● **TASK TO COMPLETE**
Copy every line of the data that contains the string "important".

● **DATA FOR THE TASK**
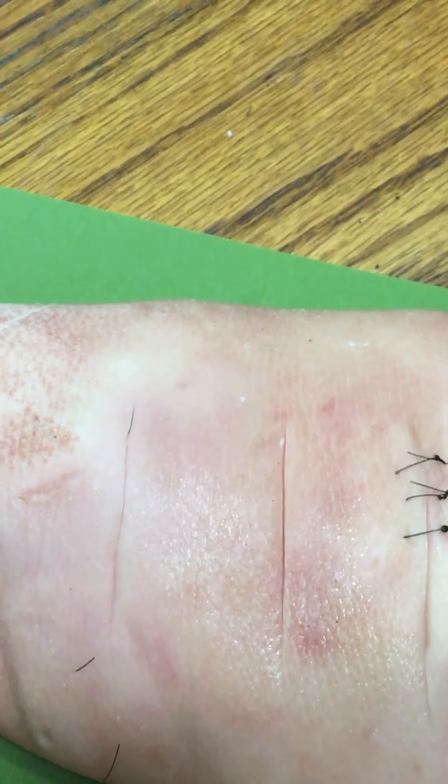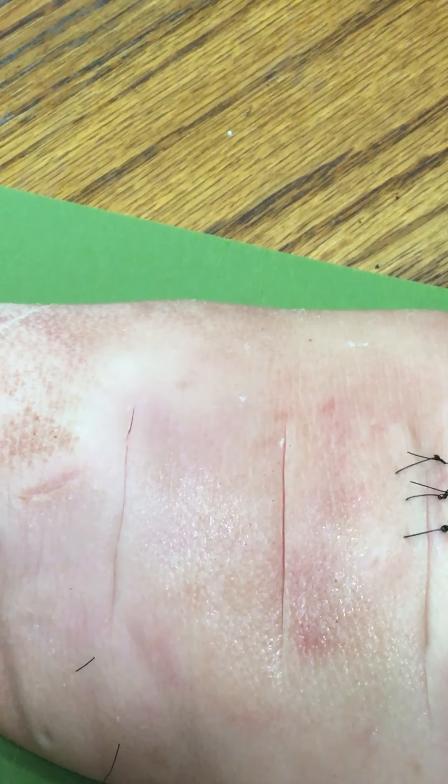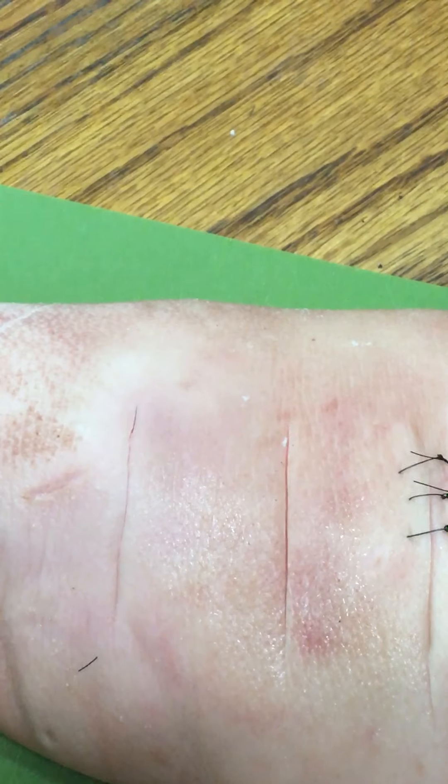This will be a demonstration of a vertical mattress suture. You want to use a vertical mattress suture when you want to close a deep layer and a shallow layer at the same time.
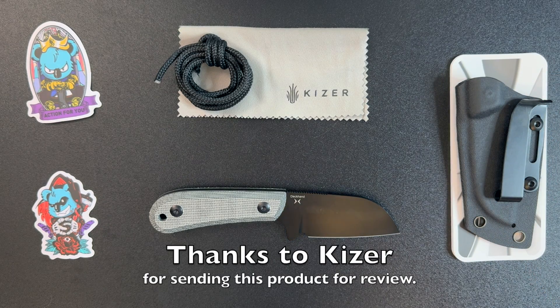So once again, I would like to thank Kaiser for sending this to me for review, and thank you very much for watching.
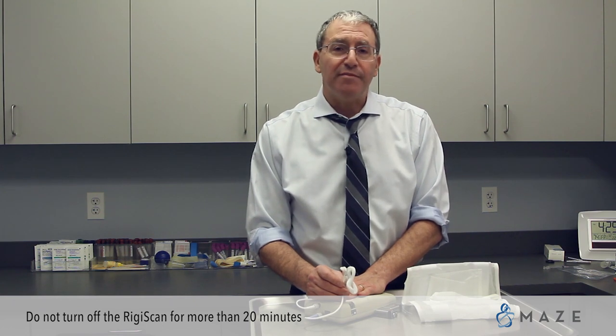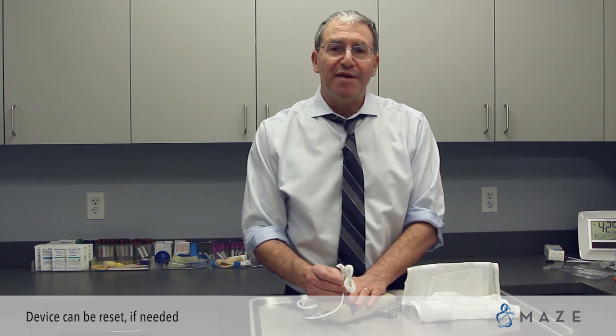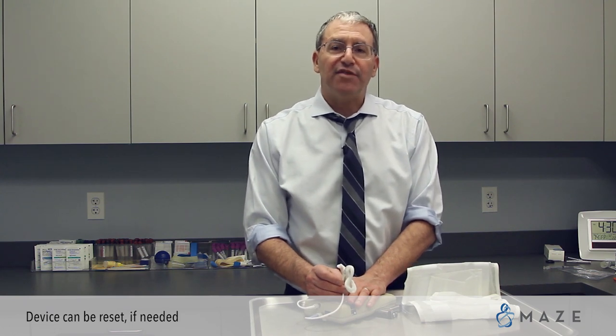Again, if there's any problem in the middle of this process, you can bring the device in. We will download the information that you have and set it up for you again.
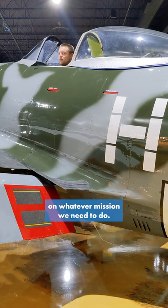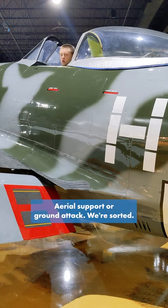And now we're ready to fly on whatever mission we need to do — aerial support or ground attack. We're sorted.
...
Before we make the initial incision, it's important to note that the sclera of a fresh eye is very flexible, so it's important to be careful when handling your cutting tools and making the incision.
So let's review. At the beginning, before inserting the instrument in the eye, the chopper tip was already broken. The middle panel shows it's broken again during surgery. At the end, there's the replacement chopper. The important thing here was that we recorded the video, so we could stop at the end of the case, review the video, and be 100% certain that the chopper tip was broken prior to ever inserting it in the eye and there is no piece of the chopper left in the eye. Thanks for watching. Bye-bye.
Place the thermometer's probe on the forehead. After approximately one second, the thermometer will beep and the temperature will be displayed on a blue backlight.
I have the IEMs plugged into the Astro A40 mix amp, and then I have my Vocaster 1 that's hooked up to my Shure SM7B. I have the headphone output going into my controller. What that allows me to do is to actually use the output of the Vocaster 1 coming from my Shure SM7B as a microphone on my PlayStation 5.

● **EXERCISE RESULT**
Before we make the initial incision, it's important to note that the sclera of a fresh eye is very flexible, so it's important to be careful when handling your cutting tools and making the incision.
So let's review. At the beginning, before inserting the instrument in the eye, the chopper tip was already broken. The middle panel shows it's broken again during surgery. At the end, there's the replacement chopper. The important thing here was that we recorded the video, so we could stop at the end of the case, review the video, and be 100% certain that the chopper tip was broken prior to ever inserting it in the eye and there is no piece of the chopper left in the eye. Thanks for watching. Bye-bye.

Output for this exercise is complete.